The Wii broke the Nintendo Co. Ltd.
curse of having every new console sell less than the one before it, and early returns from the Japanese gaming giant’s latest release, the Switch, suggest it could happen again.
With strong early sales for the Switch, investors like what they see so far, with Nintendo’s stock rising almost 15% since the console launched on March 3. But that kind of bounce actually might seem tame for Nintendo after the past year, which included a dramatic 112% rise after the July release of the PokemonGo mobile app and the 29% bounce after Super Mario Run was released for Apple Inc.’s
iOS. Both of those gains were short-lived, though.

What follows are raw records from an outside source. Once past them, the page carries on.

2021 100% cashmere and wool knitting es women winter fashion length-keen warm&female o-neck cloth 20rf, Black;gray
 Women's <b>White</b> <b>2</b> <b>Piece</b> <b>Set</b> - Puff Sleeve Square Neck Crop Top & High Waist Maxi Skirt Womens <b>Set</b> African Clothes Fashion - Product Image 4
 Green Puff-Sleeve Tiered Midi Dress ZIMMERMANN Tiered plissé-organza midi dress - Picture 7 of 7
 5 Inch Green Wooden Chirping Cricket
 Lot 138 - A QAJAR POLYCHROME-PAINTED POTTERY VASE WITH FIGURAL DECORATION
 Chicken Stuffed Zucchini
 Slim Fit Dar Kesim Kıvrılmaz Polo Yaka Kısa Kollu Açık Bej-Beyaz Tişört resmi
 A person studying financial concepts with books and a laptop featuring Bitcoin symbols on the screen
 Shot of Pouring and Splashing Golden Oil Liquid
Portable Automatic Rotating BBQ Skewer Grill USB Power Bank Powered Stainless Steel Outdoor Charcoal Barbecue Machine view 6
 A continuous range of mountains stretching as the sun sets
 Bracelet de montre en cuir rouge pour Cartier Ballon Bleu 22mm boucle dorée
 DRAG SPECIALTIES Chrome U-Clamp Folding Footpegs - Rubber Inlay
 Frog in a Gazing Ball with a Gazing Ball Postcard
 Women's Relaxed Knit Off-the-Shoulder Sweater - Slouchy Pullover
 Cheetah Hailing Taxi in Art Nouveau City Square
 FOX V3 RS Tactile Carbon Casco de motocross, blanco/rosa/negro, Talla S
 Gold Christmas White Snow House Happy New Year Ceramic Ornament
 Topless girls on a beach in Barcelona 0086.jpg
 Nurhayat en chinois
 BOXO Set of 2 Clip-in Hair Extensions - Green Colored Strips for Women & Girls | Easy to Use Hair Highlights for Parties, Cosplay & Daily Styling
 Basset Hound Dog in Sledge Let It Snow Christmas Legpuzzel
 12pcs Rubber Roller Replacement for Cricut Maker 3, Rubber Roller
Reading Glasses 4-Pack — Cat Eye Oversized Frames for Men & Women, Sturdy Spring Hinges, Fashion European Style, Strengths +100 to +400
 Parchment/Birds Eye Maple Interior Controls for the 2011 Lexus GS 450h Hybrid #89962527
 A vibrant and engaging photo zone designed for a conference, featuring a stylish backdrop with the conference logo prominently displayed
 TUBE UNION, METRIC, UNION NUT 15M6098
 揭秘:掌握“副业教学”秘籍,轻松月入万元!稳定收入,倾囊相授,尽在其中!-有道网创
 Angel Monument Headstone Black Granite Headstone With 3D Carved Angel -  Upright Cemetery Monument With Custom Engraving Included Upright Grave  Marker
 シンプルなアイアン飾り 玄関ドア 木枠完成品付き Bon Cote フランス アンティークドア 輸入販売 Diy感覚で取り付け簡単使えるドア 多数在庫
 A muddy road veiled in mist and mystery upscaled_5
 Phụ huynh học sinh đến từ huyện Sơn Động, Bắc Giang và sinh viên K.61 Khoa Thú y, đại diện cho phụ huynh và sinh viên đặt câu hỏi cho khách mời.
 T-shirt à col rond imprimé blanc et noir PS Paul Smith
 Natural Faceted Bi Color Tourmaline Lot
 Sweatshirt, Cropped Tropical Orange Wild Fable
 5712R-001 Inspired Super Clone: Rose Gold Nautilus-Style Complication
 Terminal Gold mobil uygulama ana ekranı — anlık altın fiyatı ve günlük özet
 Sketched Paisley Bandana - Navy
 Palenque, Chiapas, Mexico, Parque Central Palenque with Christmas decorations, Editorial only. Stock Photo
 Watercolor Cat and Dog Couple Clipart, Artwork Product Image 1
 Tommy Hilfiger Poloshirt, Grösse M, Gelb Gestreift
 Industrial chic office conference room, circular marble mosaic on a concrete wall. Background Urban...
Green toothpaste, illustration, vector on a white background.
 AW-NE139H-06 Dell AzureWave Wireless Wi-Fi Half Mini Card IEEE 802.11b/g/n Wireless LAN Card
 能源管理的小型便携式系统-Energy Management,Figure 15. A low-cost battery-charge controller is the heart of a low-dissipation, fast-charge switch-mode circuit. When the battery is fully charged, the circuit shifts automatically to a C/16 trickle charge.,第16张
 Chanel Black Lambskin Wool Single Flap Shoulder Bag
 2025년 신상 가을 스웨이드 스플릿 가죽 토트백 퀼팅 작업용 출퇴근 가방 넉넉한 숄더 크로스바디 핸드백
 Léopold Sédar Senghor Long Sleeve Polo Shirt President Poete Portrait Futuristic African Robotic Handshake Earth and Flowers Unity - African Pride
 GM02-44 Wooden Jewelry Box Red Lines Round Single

Sales: Here’s what the Switch has to live up to
Since the Wii’s successful 2006 release, Nintendo has continued to try to innovate with interactive hardware elements, such as wireless motion and touch controls, rather than attempt to compete with Sony Corp.
and Microsoft Corp.
on processing power and high-end graphics.
While that worked well with the Wii, it wasn’t such a success with Nintendo’s follow-up, the WiiU. That system ended up being Nintendo’s worst-selling home console to date as a puny lineup of original games and inability to attract desirable third-party releases kept hard-core gamers away.
With the Switch, Nintendo has once again ignored the arms race of computing power and is focusing on an innovative form factor that combines a home-gaming console and mobile device.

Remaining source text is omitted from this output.